Data:
⟨
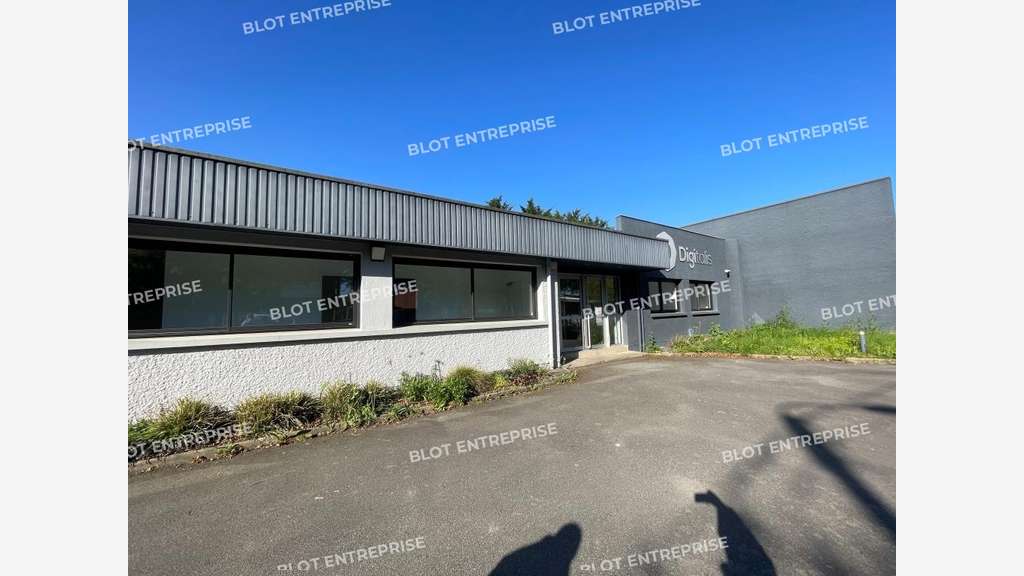 A louer bureaux 500m² Cesson-Sévigné zone Sud-Est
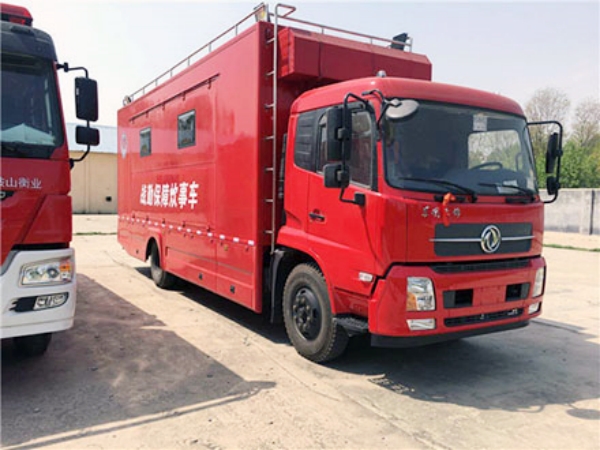 Dongfeng Tianjin 200 person cooking truck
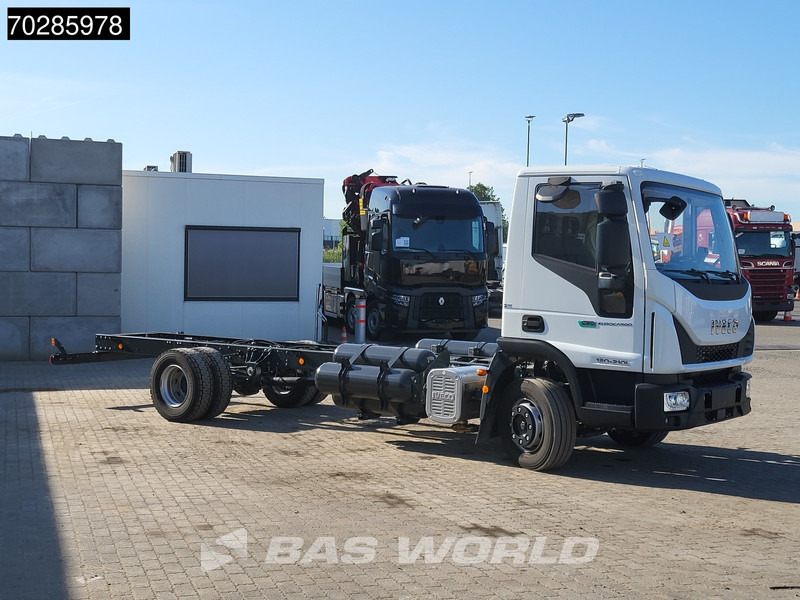 Iveco 120-210L 4X2 NEW 12tons chassis! CNG Engine TELMA Retarder Manual Euro 6 - Kuorma-auto alusta: kuva Iveco 120-210L 4X2 NEW 12tons chassis! CNG Engine TELMA Retarder Manual Euro 6 - Kuorma-auto alusta Iveco 120-210L 4X2 NEW 12tons chassis! CNG Engine TELMA Retarder Manual Euro 6 - Kuorma-auto alusta: kuva Iveco 120-210L 4X2 NEW 12tons chassis! CNG Engine TELMA Retarder Manual Euro 6 - Kuorma-auto alusta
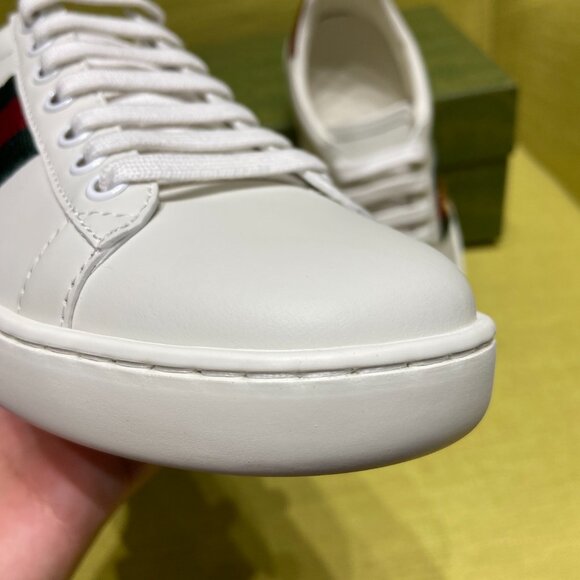 Gucci White Sneakers with Red and Green Stripes - Picture 8 of 9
⟩
Your goal:
Every line from the one with "Dongfeng Tianjin 200 person cooking truck" through the last line of the material gets printed exactly, and nothing more. Omit the pictures.

Answer box:
 Dongfeng Tianjin 200 person cooking truck
 Iveco 120-210L 4X2 NEW 12tons chassis! CNG Engine TELMA Retarder Manual Euro 6 - Kuorma-auto alusta: kuva Iveco 120-210L 4X2 NEW 12tons chassis! CNG Engine TELMA Retarder Manual Euro 6 - Kuorma-auto alusta Iveco 120-210L 4X2 NEW 12tons chassis! CNG Engine TELMA Retarder Manual Euro 6 - Kuorma-auto alusta: kuva Iveco 120-210L 4X2 NEW 12tons chassis! CNG Engine TELMA Retarder Manual Euro 6 - Kuorma-auto alusta
 Gucci White Sneakers with Red and Green Stripes - Picture 8 of 9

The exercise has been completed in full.